Neil Hadley, Master of Wine, takes us through his top tips for ensuring you are tasting your wine at its' best.
The art of enjoyment
If you love a great drop, you'll probably be familiar with some of the associated traditions and rituals around wine. But for the uninitiated, they can sometimes feel like unnecessary barriers - overcomplicating the simple idea of enjoying great wine. However, getting to grips with even just the basics of wine appreciation can make the experience so much more pleasurable. There is no right or wrong way to taste wine. But just a little knowledge and preparation can go a long way to getting more out of every glass.
One of the easiest ways to improve the quality of your wine is to have a decent glass to drink it from. The size, shape and type of glass you use can make all the difference. A stemmed, clear, tulip-shaped glass should be what you’re looking for – one in which you can easily swirl a small sample of wine. You can also buy glasses made for specific varietals – created to make the most of the wine it was designed for, with different capacities and widths of rim to help manage the aroma and tannins experienced when drinking.
Red and white glasses
The glassware for a red wine should allow a generous amount to be poured, while still leaving plenty of air in the glass. This heightens the sensation of the wine's aroma, an important element in tasting. White wine glasses are generally smaller and narrower, directing the wine to the centre of the tongue, reducing the acidity tasted by the sensors at the sides of the tongue. Champagne glasses are even narrower, so you can experience the sensations of rich honey, bread and yeasty flavours, which are detected on the tip and centre of the tongue.

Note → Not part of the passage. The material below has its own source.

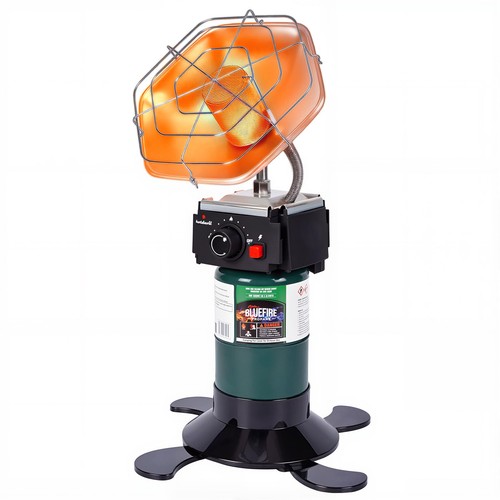 Portable propane heater - propane,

To taste a wine at its best, make sure it’s served at the right temperature. You’ll taste more flavour in a wine that’s slightly warmer – even whites shouldn’t be chilled too much or you’ll lose some of the more subtle accents. Pour about half a glass. This will allow the aroma of the wine to fill the rest of the glass and prevent any spilling when you swirl the wine in the glass. Hold the glass by the stem or base - not the bowl - to stop your body temperature effecting the temperature of the wine.

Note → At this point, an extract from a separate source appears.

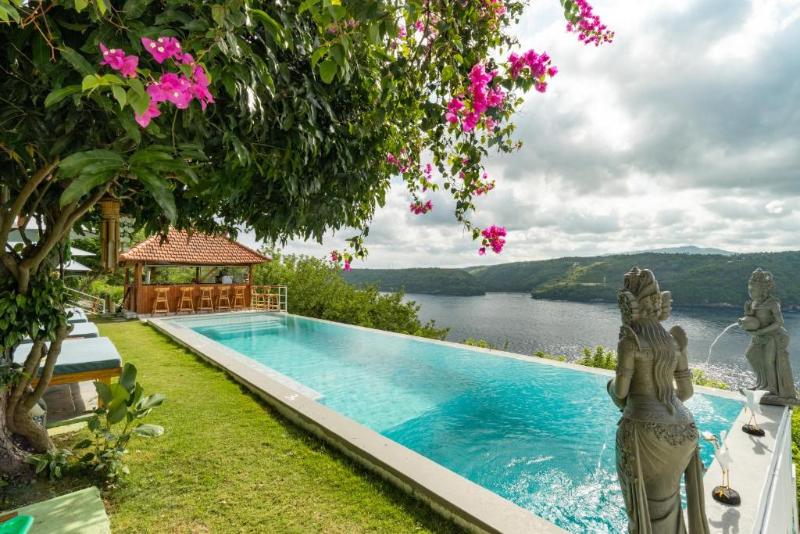 Butterfly Villas Nusa Ceningan - Genel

If possible, hold your glass against a white background, such as a tablecloth or tasting mat. The colour and appearance of a wine tells a lot about how it will taste, and is influenced by a number of things - the grape variety, the winemaking process and the age of the wine. White wines typically range in colour from transparent to pale greens, light straw through to golden yellows. Red wines range from thin brick red, to the deep opaque bluish-purples usually associated with younger wines. Swirl the wine around your glass and take note of the wine’s ‘viscosity’ - the long strands that cling to the side of the glass. These are referred to as ‘legs’ and indicate a wine with a relatively high alcohol content.

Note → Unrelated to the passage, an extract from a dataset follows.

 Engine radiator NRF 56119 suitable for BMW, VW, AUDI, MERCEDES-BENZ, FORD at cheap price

Our sense of taste is derived not only from the mouth, but the nose. In fact 90% of what we call taste is really from our sense of smell. The aroma of a wine can thereby provide vital insights into such things as the grape varietal it was sourced from, its ripeness, the soil and climate conditions the vines experienced and any winemaker influence on the wine, such as oak maturation. To release the flavours and aromas, swirl the wine in the glass and get some air into the wine. The more it is aerated, the more the aroma will be revealed. Then place your nose right into the rim of the glass and inhale deeply. While pleasant aroma doesn’t always guarantee a great tasting wine, and vice versa, it can give you a few clues as to what to expect.
Here's to good taste
Move the wine all around your mouth, coating your tongue and mouth. Wine tasting is a different experience for every part of your mouth. Sweetness gives a warm feeling on the tip of your tongue, while acids cause a sharp ‘pulling’ feeling on the sides of the tongue towards the front. Tannin grips the side of the tongue at the back, while the alcohol content presents itself as a hot feeling at the rear of your mouth near the throat and back of the tongue. One of the most exciting parts about tasting wine is just how many different flavours there are. At first a wine may appear to contain just one or two dominant flavours. But probe a little deeper, and you’ll detect more and more layers of flavour and aromas. This is what can often make a good wine great.
How to describe the flavour
Try to identify flavours and aromas using terms you know and understand, rather than trying to describe them with words you may have read in the wine columns. As a wine ages, the flavours and aromas change. A Riesling, for instance, might display citrus and lime characters while young, but will transform to reveal flavours and aromas of honey and cloves as the wine matures in the bottle.
Flavour characteristics of individual grape varietals
Specific grapes have particular flavours and aromas, which they impart to the finished wine. But climate, region and winemaking technique can also affect the palate of a particular grape varietal. So a Riesling from the Clare Valley, for instance, will probably taste quite different from one grown in Margaret River or Germany. Nevertheless, here are a few key flavours and aromas you might notice in some of the more popular grape varietals. To learn more about the most common grape varieties make sure to visit our grape varieties
RIESLING: Green apple, lemon, lime, citrus, musk, rose petal.
SAUVIGNON BLANC : Gooseberry, capsicum, lemon, grapefruit, passionfruit, asparagus, lime, melon.
CHARDONNAY : Melon, peach, nectarine, butterscotch, caramel, cashew, toast.
CABERNET SAUVIGNON : Blackcurrant, cassis, mint, cedar, berries, tobacco leaf.
MERLOT : Violets, raspberry, blackberry, musk, cinnamon, stewed plums.
SHIRAZ : Plum, pepper, black cherry, blueberry, aniseed, licorice.